Well that was largely my point, I am a consumer and I have choice, in
my analogy were I a soldier I would not have choice, the car (or other
equipment), would be dictated by the procurement process. In the
stoves case they too are dictated by the top brass at the NGO who have
decided based on their policy. If the "testing" method they have
chosen to evaluate the stove they intend to disseminate is flawed or
biased to one type of stove then not only does the user suffer a worse
stove but so does a rival stove manufacturer. In any case the subsidy
is an intervention in the market place which will have local knock on
consequences.

In point of fact there will never be one size fits all stove. Back to
the car analogy In UK a new car buyer has many choices and the
government requires manufacturers to publish fuel consumption figures
which are derived from a rigorously applied driving cycle.
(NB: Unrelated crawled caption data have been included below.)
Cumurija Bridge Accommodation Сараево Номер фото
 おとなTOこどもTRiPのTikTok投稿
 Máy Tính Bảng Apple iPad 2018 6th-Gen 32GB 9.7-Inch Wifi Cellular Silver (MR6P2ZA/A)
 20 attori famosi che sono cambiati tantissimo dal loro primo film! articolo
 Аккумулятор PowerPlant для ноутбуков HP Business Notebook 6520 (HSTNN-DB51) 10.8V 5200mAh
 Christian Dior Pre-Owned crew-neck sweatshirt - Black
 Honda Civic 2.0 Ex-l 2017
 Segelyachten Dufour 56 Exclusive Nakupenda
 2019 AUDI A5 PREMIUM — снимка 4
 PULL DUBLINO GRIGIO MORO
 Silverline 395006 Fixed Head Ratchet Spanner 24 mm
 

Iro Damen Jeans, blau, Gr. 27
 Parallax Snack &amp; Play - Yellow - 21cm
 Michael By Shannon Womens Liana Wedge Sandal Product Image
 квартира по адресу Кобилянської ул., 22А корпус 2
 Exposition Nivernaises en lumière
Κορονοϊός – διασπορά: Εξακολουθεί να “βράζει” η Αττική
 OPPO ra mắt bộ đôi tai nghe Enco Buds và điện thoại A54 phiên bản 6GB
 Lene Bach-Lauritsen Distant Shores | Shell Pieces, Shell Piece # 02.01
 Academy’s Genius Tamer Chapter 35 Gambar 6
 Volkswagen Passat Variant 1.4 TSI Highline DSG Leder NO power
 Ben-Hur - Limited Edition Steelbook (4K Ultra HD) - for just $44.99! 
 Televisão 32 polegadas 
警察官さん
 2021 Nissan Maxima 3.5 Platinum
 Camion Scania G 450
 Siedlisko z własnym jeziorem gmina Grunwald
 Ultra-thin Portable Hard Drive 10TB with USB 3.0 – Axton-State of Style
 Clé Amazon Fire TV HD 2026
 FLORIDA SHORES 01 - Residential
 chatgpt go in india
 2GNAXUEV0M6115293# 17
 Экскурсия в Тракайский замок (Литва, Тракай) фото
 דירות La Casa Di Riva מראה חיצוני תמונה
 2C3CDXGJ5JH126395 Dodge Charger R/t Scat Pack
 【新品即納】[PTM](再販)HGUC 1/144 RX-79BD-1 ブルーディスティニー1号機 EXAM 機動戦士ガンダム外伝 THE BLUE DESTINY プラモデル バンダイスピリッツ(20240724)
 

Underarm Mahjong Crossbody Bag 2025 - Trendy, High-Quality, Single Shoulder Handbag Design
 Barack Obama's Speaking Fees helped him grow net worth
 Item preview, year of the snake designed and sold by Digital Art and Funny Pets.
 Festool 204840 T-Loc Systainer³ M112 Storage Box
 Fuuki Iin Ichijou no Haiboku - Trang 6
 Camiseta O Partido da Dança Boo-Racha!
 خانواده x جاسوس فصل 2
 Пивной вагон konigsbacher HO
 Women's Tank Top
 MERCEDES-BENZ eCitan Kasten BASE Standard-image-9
This tends
to favour driving a car at 56mph because that is one of the standards
the test is tuned to, in other respects it is very difficult to
achieve the claimed fuel consumption but it has driven up the
standard, just as have early stove tests.
>
>Regardless of this, the macro-discourse for the promotion of stoves is
>for the benefit of mankind.

Actually I suspect it is intended to benefit about 1/3 of the current
7  billion mankind that can only dream about the living standards of
myself, a resident of England.


> If this stoves game is really about
>marketization, then it really doesn't matter if the test performance
>translates into real-world benefits. However, if the global push to
>create a stoves market is to benefit users and their families, stove
>test must correlate in practice (not in theory) with future social and
>environmental impact.

...and the perceived wisdom is that top down dictats and grants, gifts
and subsidies aren't a good way of delivering the benefits but in the
absence of local education and local wealth creation is there an
alternative?

Fifty years ago it struck me that a poor person 2000 years ago was in
the same position as a poor person now, yet I was in a better state
than the wealthiest emperor then. Now the poor are just as poor,
global wealth has increased dramatically in the 50 years yet that
wealth has not benefited the poor. I now realise this inability to
share is inherent in the human condition.